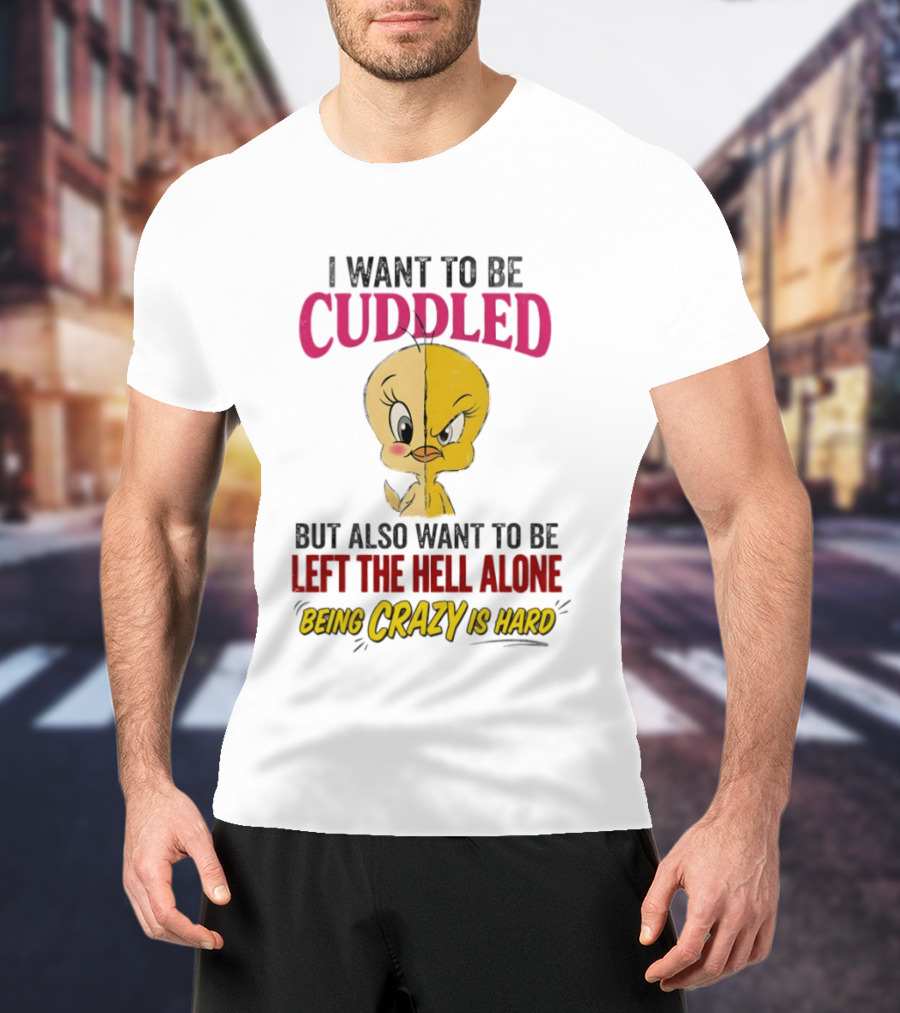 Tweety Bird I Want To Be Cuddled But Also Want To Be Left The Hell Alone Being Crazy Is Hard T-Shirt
== == ==
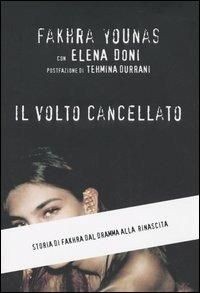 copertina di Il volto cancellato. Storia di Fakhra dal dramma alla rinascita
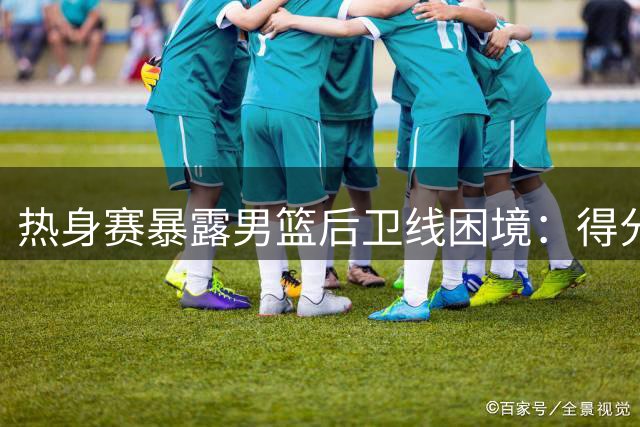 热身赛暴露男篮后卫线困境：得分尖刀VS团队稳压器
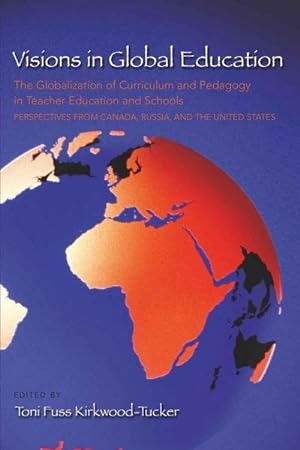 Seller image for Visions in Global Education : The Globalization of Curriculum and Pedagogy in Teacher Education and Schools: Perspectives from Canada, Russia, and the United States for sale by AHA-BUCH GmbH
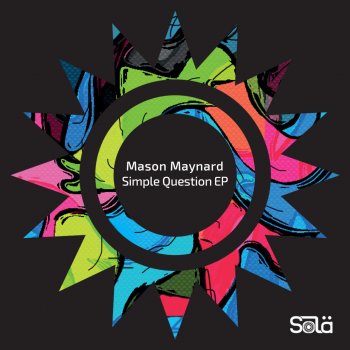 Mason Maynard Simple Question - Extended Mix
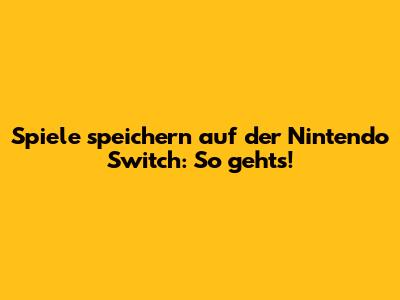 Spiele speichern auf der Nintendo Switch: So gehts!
== == ==
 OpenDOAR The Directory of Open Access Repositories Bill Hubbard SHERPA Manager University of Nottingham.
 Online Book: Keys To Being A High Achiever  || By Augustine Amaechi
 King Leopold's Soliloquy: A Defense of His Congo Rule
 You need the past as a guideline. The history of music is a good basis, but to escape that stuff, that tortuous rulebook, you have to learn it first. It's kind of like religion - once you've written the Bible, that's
== == ==
### EXERCISE AIM
When you reach the line holding "Online Book: Keys" in the records above, begin reproducing exactly, stop after the line holding "You need the", and output nothing else.

### RESPONSE FOR THIS EXERCISE
 Online Book: Keys To Being A High Achiever  || By Augustine Amaechi
 King Leopold's Soliloquy: A Defense of His Congo Rule
 You need the past as a guideline. The history of music is a good basis, but to escape that stuff, that tortuous rulebook, you have to learn it first. It's kind of like religion - once you've written the Bible, that's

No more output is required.